Bakan Atalay, Habur'da yaşananları asla tasvip etmediklerini ifade ettiklerini hatırlatarak, ''Burada yöntem hataları olmuş deniliyorsa, ben o tür hataları da rahatça kabul etmeye hazırım. Bu süreçleri yürütenler daima zor bir işi yürüttüğünün farkındadır ve eleştiriler. Sizin çok başarılı gördüğünüz şeyler bazılarınca yanlış görülür. Bu tür işler yakıcı konulardır. Bunları yürütenler birçok açıdan eleştirilirler. Bunları yürütenler buna alışkın olmalı ve bunu göze almalı. Her türlü eleştiriyi ben tabi karşılıyorum'' diye konuştu.

"Tercih demokratik ve insani çözüm"

''Bugünlerde kara harekatı seçeneğinden bahsedilir oldu? Bu seçenek masada olan bir seçenek midir?'' sorusuna Atalay, terör oldukça güvenlik güçlerinin çalışmaları, operasyonlarının olacağını söyledi.

Atalay, güvenlik mensuplarının her yerde işbirliği içinde başarılı çalışmalar yürüttüğünü vurguladı.

Şu günlerde komşu ülkelerle yürüyen ilişkilerin en verimli dönemi yaşadığını belirten Atalay, komşu ülkelerin bu konuda çok duyarlı bir tutum içinde olduklarını söyledi. Suriye'nin Türkiye'deki teröre büyük bir duyarlılık gösterdiğini belirten Atalay, görüşmelerin yoğun bir şekilde devam ettiğini belirtti.

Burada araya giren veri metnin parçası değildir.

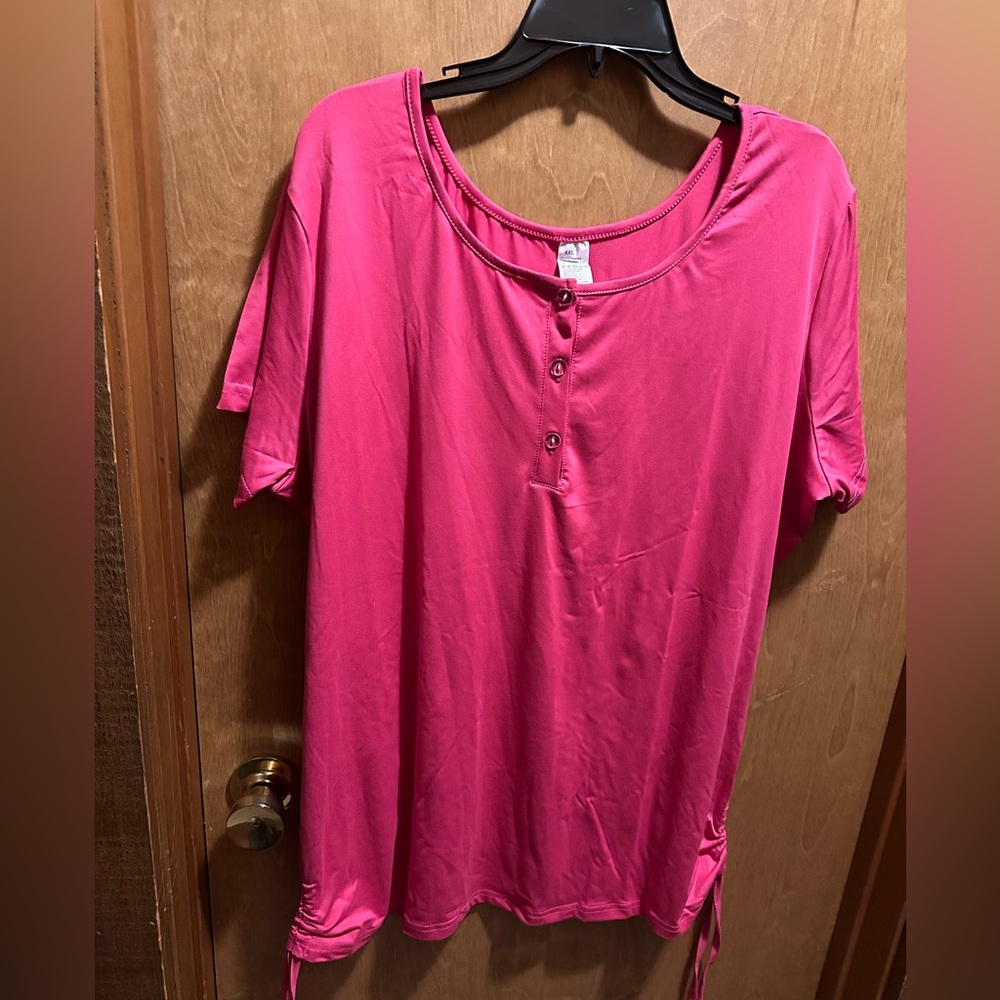 Vibrant Pink Short Sleeve Women's Top
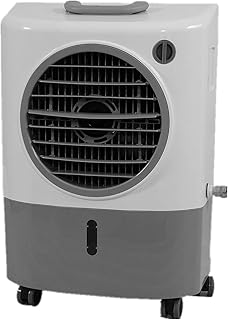 Portable Swamp Coolers - 1300 CFM MC18M Evaporative Air Cooler with 2-Speed Fan, 53.4 dB - 500 sq. ft. Coverage Evaporative Air Cooler Portable High Velocity Outdoor Cooling Fan by Hessaire - White product image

İran'ın şu anda çok ileri operasyonlar yaptığını anlatan Atalay, bu konularda yoğun bir işbirliği olduğunu kaydetti. Atalay, Kuzey Irak'ın, ABD'nin tutumunun daha belirgin olduğunu ifade etti.

Hükümet olarak bütün bu sorunlarda tercihlerinin demokratik ve insani çözümler olduğunu vurgulayan Atalay, çalışmalarını o yönde ağırlıkla sürdüreceklerini belirtti.

Vatandaşa daha fazla sahip çıkılması gerektiğine önem verdiklerini anlatan Atalay, ''Her vatandaşımızın hiçbir ayrım gözetmeden şunu bilmeli, 'Ben devletin gözünde hep birinci sınıf vatandaşım'' diye konuştu.

Özellikle bölge vatandaşına daha fazla sahip çıkılması gerektiğini ifade eden Atalay, ''Devletimize vatandaşımızın güvenini artırdıkça terör zemin bulamayacaktır'' dedi.

Atalay, bölgede, hem hükümet, hem parti olarak ciddi bir çalışma başlatacaklarını, bölge insanıyla daha fazla bir araya geleceklerini söyledi.

Yayla yasağı

''Gediktepe ve Lice'deki olaylardan sonra askerden de bir rahatsızlık ifadesi dikkatinizi çekmiştir, belki yayla yasağı ve yol kontrolleri konusunda. Bu konuda yeni bir düzenleme olacak mı?'' sorusu üzerine Atalay, şunları kaydetti:
''Gediktepe'nin yayla yasağıyla bir ilgisi yok. Gediktepe'dekiler sınır ötesinden Hakurk'tan geldiler. Yayla yasağı ve yol kontrolü ile ilgili hükümet bölgedeki hayatı biraz daha rahatlatma açısından bazı tedbirler alır. Öyle yerler var ki kısa bir yolda çok sayıda yol kontrolü var. Bizim valilere yazdığımız genelge şudur, 'terörle mücadeleyi aksatmayacak şekilde, bunlar gözden geçirilsin.' Yayla yasakları ekonomik olarak büyük bir şey, hayvancılığı öldüren... Şimdi o da terörle mücadeleyi aksatmayacak. Yeniden valilere ifade ettik.''

Öte yandan ''AK Parti İstanbul Milletvekili Murat Başesgioğlu'nun istifasını nasıl değerlendiriyorsunuz?'' sorusuna Atalay, bu haberi yeni duyduğunu ve beklediği bir şey olmadığını söyledi.